CN550: Neural and Computational Models of Recognition, Memory, and Attention

Spring 2011 Syllabus

INSTRUCTORS:

Prof. Anatoli Gorchetchnikov

Office: Rm. 213, 677 Beacon Street

Office hours: Monday 2-4pm, Friday 1-2pm, or by appointment (email works best)

Email: anatoli (at) cns (dot) bu (dot) edu

Dr. Heather Ames

Office: Rm. 308B, 677 Beacon Street

Office hours: Monday 2-4pm or by appointment (email works best)

Email: starfly (at) cns (dot) bu (dot) edu

TEACHING ASSISTANT:

None

COURSE DESCRIPTION:

CN550 develops neural network models of how internal representations of sensory events and cognitive hypotheses are learned and remembered, and of how such representations enable recognition and recall of these events. Various neural and statistical pattern recognition models, and their historical development and applications, are analyzed. Special attention is given to stable self-organization of pattern recognition and recall by Adaptive Resonance Theory (ART) models. Mathematical techniques and definitions to support fluent access to the neural network and pattern recognition literature are developed throughout the course. Experimental data and theoretical analyses from cognitive psychology, neuropsychology, and neurophysiology of normal and abnormal individuals are also discussed. Course work emphasizes skill development, including writing, mathematics, computational analysis, teamwork, and oral communication.

CLASS PROJECT:

CN550 includes a class project, as described in the accompanying materials. Part of each class is devoted to discussion of the class project and planning for the coming week. Each student will work in a group with one or two other students. Groups should plan to meet during the weekly discussion session and at other times, as needed.

COMPUTATIONAL WORKSHOPS:

Each class will conclude with a computational workshop.

HOMEWORK:

For the second part of the class the class project serves as homework. For the first part of the class a phase plane assignment is intended as multi-week homework due at midterm.

GRADING CRITERIA:

Grades are determined by performance on:

1.      essay on readings -- 5%

2.      homework assignment -- 10%

3.      computational workshops -- 20%

4.      class project -- 20%

5.      midterm exam -- 20%

6.      final exam -- 25%

Participation in class discussions will play a role in determining the final letter grade in borderline cases.

Late homework policy: 10% penalty if turned in less than one week late, 20% penalty for 1-2 weeks late, and 30% penalty for > 2 weeks late. No late homework will be accepted after the final exam.

REQUIRED TEXT:

Duda, Richard O., Hart, Peter E., & Stork, David (2001) Pattern Classification. Second Edition. New York: Wiley.

RECOMMENDED TEXTS:

Schacter, Daniel L. (1996) Searching for Memory: The Brain, the Mind, and the Past. New York: Basic Books. (paper).
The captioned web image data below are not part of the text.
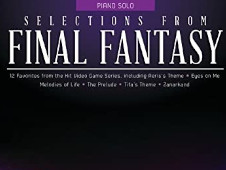 Selections from Final Fantasy 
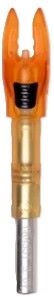 NOCKTURNAL SHIFT LIGHTED NOCK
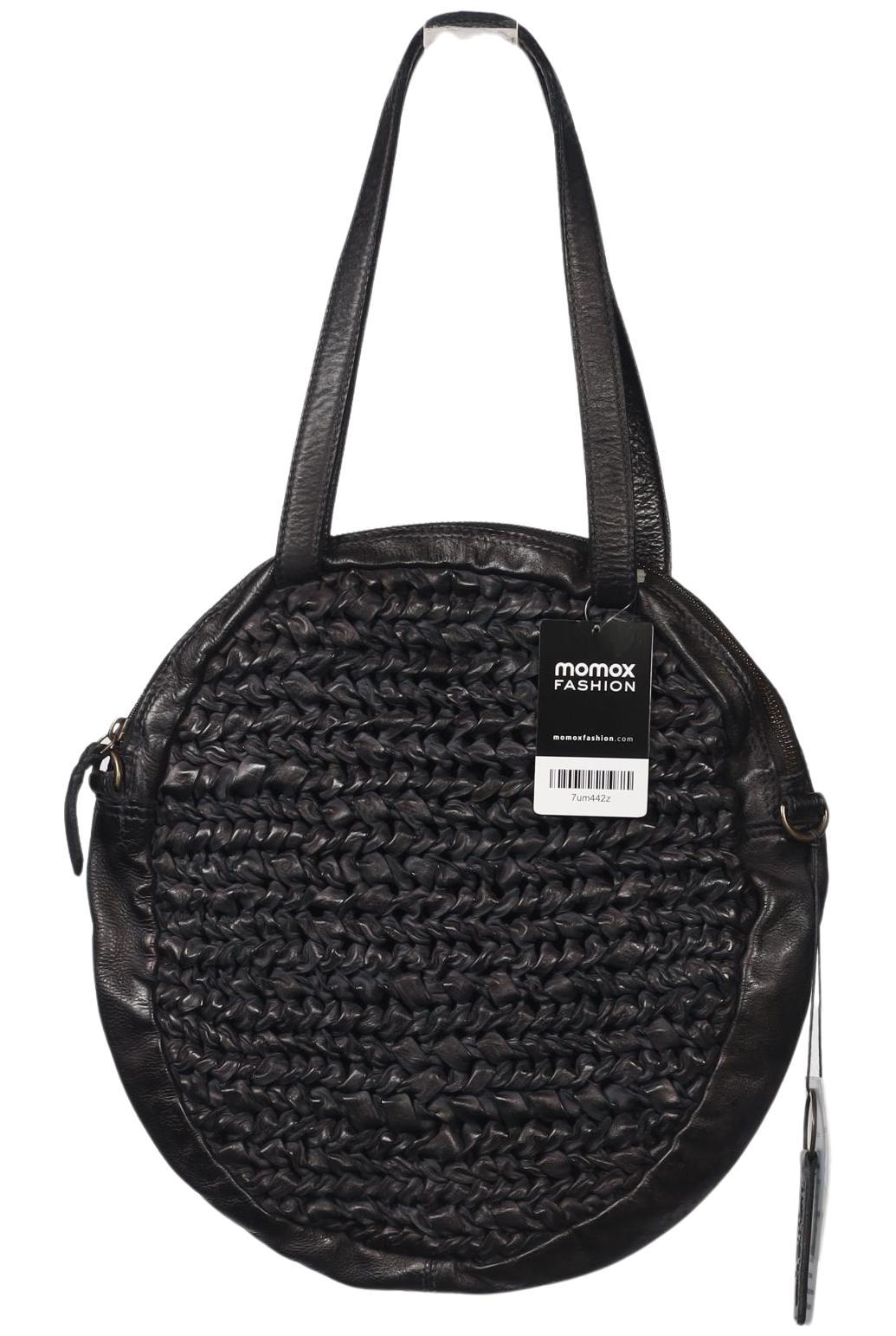 

Taschendieb Damen Handtasche, schwarz, Gr.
Kandel, E., Schwartz, J.H., and Jessell, T.M. (2000). Principles of Neural Science, 4th Edition. New York: McGraw-Hill.

Levine, D.S. (2000). Introduction to Neural and Cognitive Modeling, 2nd Edition. Hillsdale, NJ: Erlbaum.
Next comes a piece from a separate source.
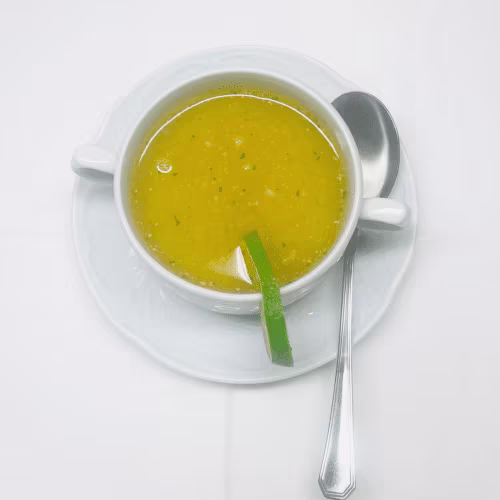 Daal Soup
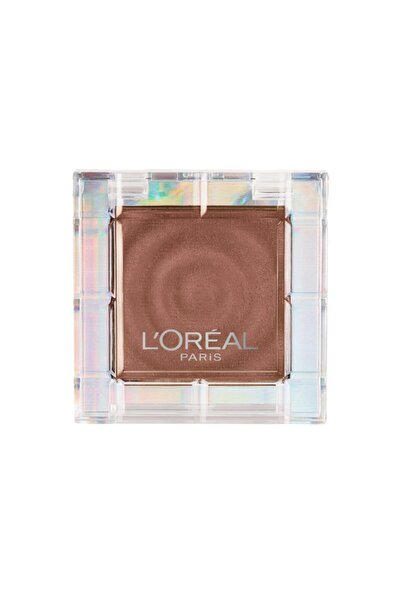 L'Oreal Paris Color Queen Tekli Göz Farı 02 Force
Strunk, William, Jr., & White E.B. (1959-2000) The Elements of Style, Fourth Edition. Needham Heights, MA: Allyn & Bacon.

OTHER USEFUL RESOURCES:

APA style: http://www.apastyle.org/, http://www.bridgewater.edu/WritingCenter/manual/APAformat.htm

Hettich, S., & Bay, S.D. (1999) The UCI KDD Archive. Irvine, CA: University of California, Department of Information and Computer Science. http://www.ics.uci.edu/~mlearn/MLRepository.html

CN 710 materials

Fall 2008http://cns.bu.edu/cn710/Fall2008/

Fall 2007http://cns.bu.edu/cn710/Fall2007/

Fall 2006http://cns.bu.edu/cn710/Fall2006/pmwiki.php?n=Main.HomePage

Spring 2006 http://cns.bu.edu/cn710/Spring2006/pmwiki.php?n=Main.HomePage

OTHER USEFUL TEXTS:

Too many to list here, please download the pdf.


SESSION 1 (January 24) Overview, history, philosophy, benchmark database studies

Course goals, topics, methods, assignments.

Historical review of principal neural network modules for learning, pattern recognition, and associative memory.

Class project: Comparative studies of supervised learning systems.

Benchmark database studies.

Readings:

Daugman, John G. (1990) Brain metaphor and brain theory. In Eric Schwartz (Ed.) Computational Neuroscience. Cambridge, Mass. : MIT Press. Chapter 2: pp. 9-18.

Borges, Jorge Luis (1942) Funes, the Memorious. In: Ficciones (translation), New York: Grove Press (1962), pp. 107-115.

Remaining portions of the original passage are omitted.